20 Kasım 2010 Cumartesi

yine hugh, yine hugh

yorgunum yorgunum diye kendimi paralıyorum resmen. ama gerçekten ne kadar yorulduğumu anlatamam. fiziksel olarak zaten yorgunum ama kafam yorgun. sürekli başım ağrıyo, sürekli uyumak istiyorum, uyuyorum dinlenemiyorum. mutlu uyanmayı özledim.


Eğer bardağın yarısı boşsa, elbet bi gün susayıp diğer yarısını da içersin.
Eğer ben bunu bardağın yarısı doluysa, elbet bi gün susayıp onu içersin deseydim daha optimist görünürdü sanırım. Uykumu özledim. Kendimi özledim.

19 Kasım 2010 Cuma

bugün gökyüzü masmaviyken bologna' da sulukar yağdı.

zaten başımıza ne gelirse hep güvendiğimizden gelir. şakayla karışık küfür eder gibi, masmavidir gökyüzü ama yağmur yağar ya. öyle olur hep.

ne zaman mutluysam o zaman olur böyle şeyler.

ve hep şemsiyesiz yakalanırım.

18 Kasım 2010 Perşembe

spig is the new spider-pig!


spiderpig!


 1 haftalık misafir marathonu yaşadım resmen, çok mutlu oldum ama bi daha yalnız yaşamak konusunda şikayet etmicem sanırım =) mercan, melissa ve larayla başlayan marathon sonra koray ve şimdi nesliyle tam gaz devam etmekte. Artık tembelliği bi kenara bırakıp invenzione della terrayı bitirmem gerekiyo yoksa coğrafya sınavında ağır sıçışlara gelicem. Onu geçtim de com. di massa sınavına da az kaldı, valla ben napıcam? Hepsini geçelim şimdi bambaşka bi konuya gelelim.

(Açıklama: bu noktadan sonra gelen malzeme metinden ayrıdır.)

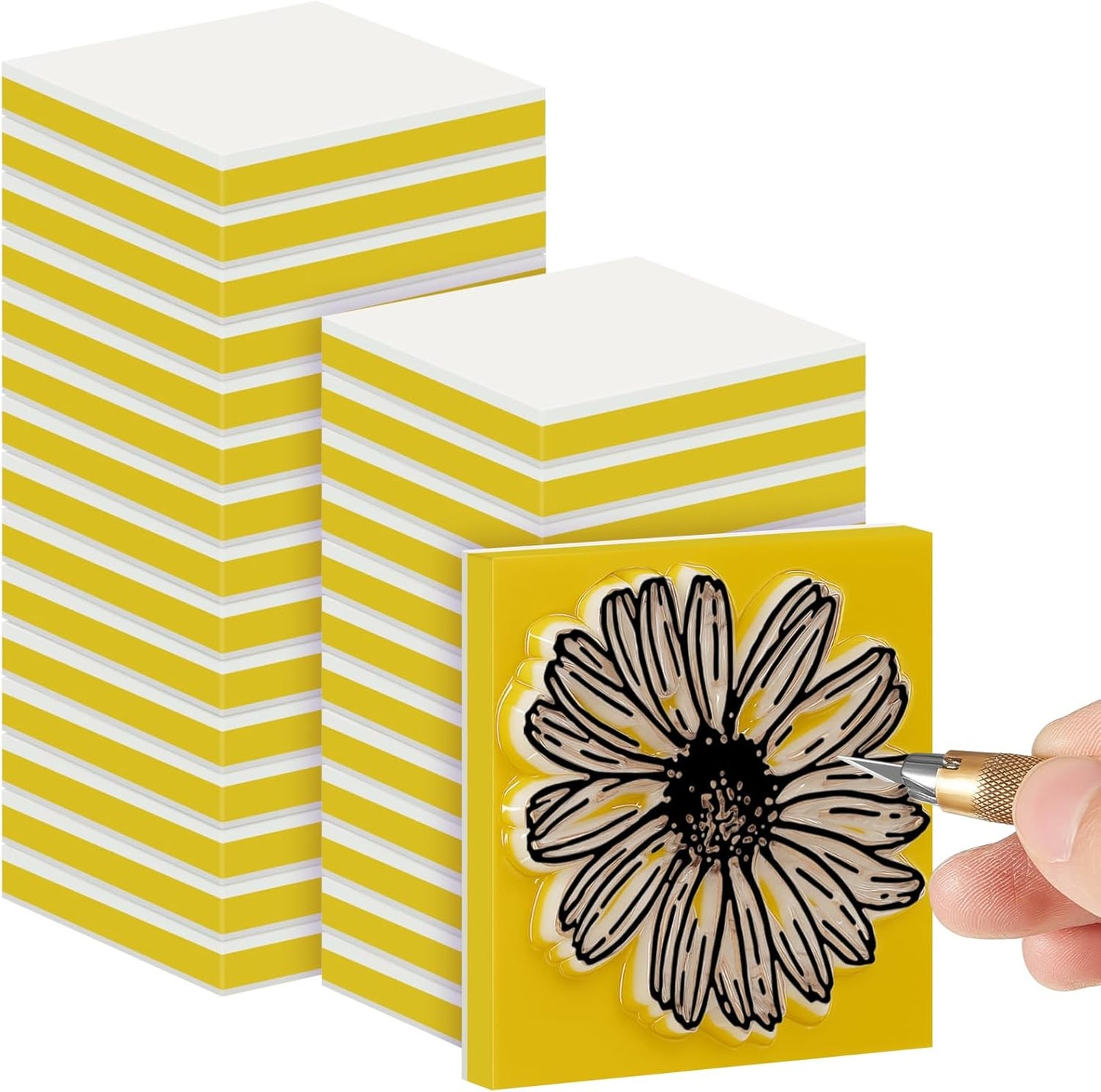 Frienda 24 Pcs 2" x 2" Rubber Carving Blocks Linoleum Blocks for Printmaking, Stamp Making, DIY Crafting, Scrapbook, Painting, Soft and Easy to Carve (White Yellow)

sapık gibi sürekli tatlı yapmam nereye kadar? 2 hafta içinde un kurabiyesi, brownie, muffin bi de cikolatalı ıslak kek yaptım. Sanırım kafayı yiyorum artık, ders çalışmamak için bi insan evladı ne kadar bahane bulabilirse hepsini üretiyorum ve tüketiyorum :) 
 uzun uğraşlar sonunda geçen hafta assasins creed 2 yi bitirdim. yenisi çıkıcak onu bekliyorum. hatta bugün burda piyasaya verilmesi gerek ama korkuyorum sormaya, sonra gelmeyince moralim bozuluyo. fallout the new vegas ve assasins creed arasında kaldım. hayat çok zor. 

bugün duş alıp ıslak saçla 7derecede dışarıya çıkıp sonra 2,5 saat nesli'yi tren istasyonunda bekledim. vallahi bayılıyorum italyanların rötarlarına grevlerine, trenin gelmesine 1 saat kala: ya arada rötar var kankeey diye hiç bişey yokmuş gibi pörtlüyolar deli oluyorum. 

başım ağrıyo, en azından saçımı kurutmam gerekirdi. 
benim bu uykusuzluk problemime naapmalı asıl onu da merak ediyorum. saat 4.30 ve ben hala uyumadım: tabii ki bi ceren klasiği. sınav takvimini öğrenip türkiyeye dönmek istiyorum, çünkü koray gittikten sonra gerçekten çok zor geldi, çok özlüyo insan ya, böyle içi acıyo resmen. neyse, olmadı aralık 20'de dönüp şubat başına kadar da istanbulda olucam bokunu çıkartmaya gerek yok.. baba yorgun. vallahi yorgun. uyumalı baba.